The musical features music by Tom Kitt and Lin-Manuel Miranda and lyrics by Amanda Green and Miranda, and the book by Jeff Whitty.

“Last year we did such a classic, ‘The Little Mermaid,’ and this is much more modern with full hip-hop choreography,” director Sam Chenoweth said.

Voris said her character is in a lot of the big dance numbers.

“She is all over the place. She never leaves the stage it feels like,” she said. “It’s definitely the biggest role I’ve had and I’m super grateful. It’s definitely more modern than anything Carmel has done before with the hip-hop take on it. I think it’s something the whole student body will enjoy because it’s set in a high school setting. It’s something everyone can relate to.”

Campbell is named captain of the Truman squad before her life gets turned upside down.

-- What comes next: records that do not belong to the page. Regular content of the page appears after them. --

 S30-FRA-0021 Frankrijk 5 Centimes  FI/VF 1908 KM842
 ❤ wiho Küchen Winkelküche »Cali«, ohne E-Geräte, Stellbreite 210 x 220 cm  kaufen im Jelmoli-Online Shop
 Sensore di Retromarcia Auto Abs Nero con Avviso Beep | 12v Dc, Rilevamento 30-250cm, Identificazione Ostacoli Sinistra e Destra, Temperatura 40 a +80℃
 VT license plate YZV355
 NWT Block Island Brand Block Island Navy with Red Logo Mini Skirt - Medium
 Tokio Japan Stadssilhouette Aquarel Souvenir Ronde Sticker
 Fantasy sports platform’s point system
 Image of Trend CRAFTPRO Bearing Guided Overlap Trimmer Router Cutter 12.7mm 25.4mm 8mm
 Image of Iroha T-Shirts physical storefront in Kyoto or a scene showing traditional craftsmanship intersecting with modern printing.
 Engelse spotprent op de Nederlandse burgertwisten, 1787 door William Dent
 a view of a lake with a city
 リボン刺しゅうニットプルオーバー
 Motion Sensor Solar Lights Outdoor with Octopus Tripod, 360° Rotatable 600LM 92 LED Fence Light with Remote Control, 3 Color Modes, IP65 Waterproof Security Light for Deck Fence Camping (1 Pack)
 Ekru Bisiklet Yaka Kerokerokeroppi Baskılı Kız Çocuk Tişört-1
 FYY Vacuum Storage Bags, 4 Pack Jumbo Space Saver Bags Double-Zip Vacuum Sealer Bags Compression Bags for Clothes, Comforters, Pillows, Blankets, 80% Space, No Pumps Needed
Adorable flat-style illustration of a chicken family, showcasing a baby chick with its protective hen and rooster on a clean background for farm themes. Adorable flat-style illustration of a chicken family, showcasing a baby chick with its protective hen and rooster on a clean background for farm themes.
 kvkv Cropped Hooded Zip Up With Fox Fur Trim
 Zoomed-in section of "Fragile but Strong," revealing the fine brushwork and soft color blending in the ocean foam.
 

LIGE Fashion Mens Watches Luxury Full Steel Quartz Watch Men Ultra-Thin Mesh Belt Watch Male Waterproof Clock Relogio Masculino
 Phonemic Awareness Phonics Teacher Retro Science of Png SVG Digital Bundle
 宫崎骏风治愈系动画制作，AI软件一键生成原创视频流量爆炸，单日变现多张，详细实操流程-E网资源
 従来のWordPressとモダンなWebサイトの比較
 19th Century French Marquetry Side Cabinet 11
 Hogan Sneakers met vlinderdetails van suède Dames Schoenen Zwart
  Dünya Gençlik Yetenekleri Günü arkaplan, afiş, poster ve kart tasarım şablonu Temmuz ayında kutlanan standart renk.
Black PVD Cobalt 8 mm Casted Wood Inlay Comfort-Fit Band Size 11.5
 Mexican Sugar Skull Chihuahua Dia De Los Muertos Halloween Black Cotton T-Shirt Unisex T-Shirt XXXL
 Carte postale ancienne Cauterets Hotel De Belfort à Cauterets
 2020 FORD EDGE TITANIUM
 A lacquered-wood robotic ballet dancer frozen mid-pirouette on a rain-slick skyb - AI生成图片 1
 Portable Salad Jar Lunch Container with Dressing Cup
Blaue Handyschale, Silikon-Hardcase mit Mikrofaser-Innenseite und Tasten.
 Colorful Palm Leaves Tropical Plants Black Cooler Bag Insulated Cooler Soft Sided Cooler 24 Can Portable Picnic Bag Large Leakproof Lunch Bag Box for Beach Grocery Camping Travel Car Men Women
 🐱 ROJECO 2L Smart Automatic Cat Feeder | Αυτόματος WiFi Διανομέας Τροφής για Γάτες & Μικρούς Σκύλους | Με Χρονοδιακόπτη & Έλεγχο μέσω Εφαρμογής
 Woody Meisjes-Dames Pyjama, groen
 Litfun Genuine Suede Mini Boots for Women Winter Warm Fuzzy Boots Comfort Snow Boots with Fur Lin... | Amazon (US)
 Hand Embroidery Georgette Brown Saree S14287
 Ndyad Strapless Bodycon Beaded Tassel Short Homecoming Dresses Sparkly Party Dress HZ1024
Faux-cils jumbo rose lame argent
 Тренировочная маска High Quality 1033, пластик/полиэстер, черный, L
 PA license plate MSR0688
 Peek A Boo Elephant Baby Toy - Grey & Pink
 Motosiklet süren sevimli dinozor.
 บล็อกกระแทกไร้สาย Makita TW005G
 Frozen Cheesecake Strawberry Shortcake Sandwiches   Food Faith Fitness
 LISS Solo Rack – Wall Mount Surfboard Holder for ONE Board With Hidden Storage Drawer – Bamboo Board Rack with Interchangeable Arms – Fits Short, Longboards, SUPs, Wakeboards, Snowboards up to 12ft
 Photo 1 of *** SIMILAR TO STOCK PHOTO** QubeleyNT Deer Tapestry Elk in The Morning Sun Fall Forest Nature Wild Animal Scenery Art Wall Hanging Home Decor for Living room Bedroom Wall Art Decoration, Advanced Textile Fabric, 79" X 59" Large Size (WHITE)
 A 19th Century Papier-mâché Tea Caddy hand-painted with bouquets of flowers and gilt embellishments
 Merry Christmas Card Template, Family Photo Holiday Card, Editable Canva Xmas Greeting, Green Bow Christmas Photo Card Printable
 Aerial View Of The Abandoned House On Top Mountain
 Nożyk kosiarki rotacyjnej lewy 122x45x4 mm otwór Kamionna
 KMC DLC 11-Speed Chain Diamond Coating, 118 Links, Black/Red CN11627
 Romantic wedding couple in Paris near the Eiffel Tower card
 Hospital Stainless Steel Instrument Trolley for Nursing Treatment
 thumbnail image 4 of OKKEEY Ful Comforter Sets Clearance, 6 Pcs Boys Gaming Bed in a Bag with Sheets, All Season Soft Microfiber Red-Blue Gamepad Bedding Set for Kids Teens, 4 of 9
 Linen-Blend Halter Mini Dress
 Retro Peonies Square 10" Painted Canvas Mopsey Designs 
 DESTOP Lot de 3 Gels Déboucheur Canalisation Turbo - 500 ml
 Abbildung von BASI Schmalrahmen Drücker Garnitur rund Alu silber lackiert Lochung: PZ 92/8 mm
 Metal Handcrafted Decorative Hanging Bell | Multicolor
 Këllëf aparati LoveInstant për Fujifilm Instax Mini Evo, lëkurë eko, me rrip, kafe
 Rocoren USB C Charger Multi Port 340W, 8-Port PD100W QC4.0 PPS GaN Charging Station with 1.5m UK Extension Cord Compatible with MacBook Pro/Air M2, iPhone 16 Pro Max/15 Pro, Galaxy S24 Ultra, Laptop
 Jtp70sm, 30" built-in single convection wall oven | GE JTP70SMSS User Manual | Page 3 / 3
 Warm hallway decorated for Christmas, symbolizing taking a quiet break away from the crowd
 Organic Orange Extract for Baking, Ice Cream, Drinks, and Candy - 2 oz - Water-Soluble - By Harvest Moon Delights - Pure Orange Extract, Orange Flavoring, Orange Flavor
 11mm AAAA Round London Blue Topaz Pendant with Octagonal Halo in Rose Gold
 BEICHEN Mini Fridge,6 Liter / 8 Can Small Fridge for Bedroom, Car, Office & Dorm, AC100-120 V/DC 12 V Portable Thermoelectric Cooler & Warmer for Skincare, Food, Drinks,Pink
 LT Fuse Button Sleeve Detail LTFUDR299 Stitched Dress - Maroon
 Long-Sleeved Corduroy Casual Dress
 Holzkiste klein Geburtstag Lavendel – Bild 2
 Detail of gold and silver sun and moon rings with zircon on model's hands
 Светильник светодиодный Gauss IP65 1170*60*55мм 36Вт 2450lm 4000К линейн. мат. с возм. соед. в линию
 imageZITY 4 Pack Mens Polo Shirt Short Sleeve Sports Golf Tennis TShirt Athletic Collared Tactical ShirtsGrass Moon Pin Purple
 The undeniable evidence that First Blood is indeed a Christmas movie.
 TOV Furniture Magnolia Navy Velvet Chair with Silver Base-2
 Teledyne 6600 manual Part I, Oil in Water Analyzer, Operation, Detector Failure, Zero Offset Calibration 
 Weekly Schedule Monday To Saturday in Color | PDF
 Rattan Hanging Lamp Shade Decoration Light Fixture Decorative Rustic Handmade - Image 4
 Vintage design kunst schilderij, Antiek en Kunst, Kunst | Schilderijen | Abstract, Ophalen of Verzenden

“It’s been a dream of her’s as long as she can remember to be captain of her cheerleading squad,” Voris said. “She gets re-districted to Jackson High School, which is an inner-city school with no cheerleading squad. She still has a dream of competing at cheerleading nationals and she creates a squad at the new school. She becomes unlikely friends with Bridget, another girl transferred from Truman, and creates a squad with Danielle (Laney McNamar), who is the queen bee of Jackson. At nationals, she does have to compete against Truman. It’s kind of the main conflict.”

Voris was a cheerleader for her first two years at CHS. She is one of four performers in the production with high school cheerleading experience.

“My sophomore year I did Ambassadors and cheerleading, and it was a lot to do both,” Voris said.

Truman uses more traditional cheerleading and Jackson is more like hip-hop.

“It did help knowing how stunting works and the safety of it,” Voris said. “The dancing for the Truman part of the squad is cheer-based, so there is sharper movement. My dance background from Ambassadors and a studio has helped me for the Jackson part because there is a lot more hip-hop. It’s cool I get the best of both worlds.”

Junior Natalie Hammond portrays Eva, one of the cheerleaders.

“She’s the mean girl and she is practically the conflict of the whole show,” Hammond said. “I’m used to getting the mean parts and I aways seem to get like the short, mean girl. It’s fun to change from what I do normally during the day and come (to rehearsal) and be mean and sassy.”